“Hi, how are you?” The young man at the grocery store asks.
“I’m fine, thank you.” I respond without even thinking about what I’m saying. It was a rehearsed answer that moved us both closer towards completing my grocery purchase.
“Eric, how are you?” I ask my son when I see him after school.
“I’m good.” He responds without really considering how he is feeling.
“Hello, how are you?” The barista at Starbucks asks me as she hands me my chai tea latte.
“I’m well, thank you.” I respond hoping that she will quickly hand me my drink so I can start my day.

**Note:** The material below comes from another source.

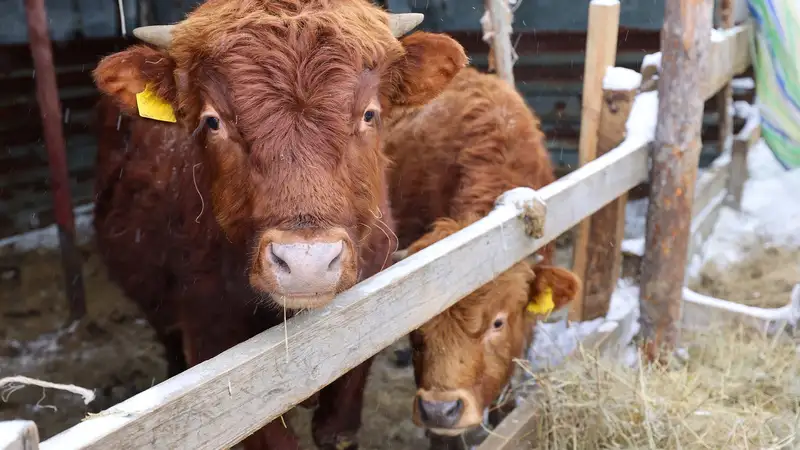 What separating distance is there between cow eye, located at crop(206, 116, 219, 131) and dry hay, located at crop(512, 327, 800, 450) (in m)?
1.67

What do you think would happen if I took the time in that Starbucks drive though, with a line around the building, to explain to the well trained barista that I have a head ache and am worrying about my daughter’s interaction with her friends on the playground; and I’m worrying about my sister, and I just really don’t have time today to focus on myself because of my busy schedule? I imagine that she might not ask the next person in line how they are.
Do you really mean it?
It seems to me that this question of “how are you” has some how replaced a genuine salutation and that we are all trained to ask this question when we come upon each other. I put the question “How are you?” under the microscope along with all of our well rehearsed answers and this is what I concluded.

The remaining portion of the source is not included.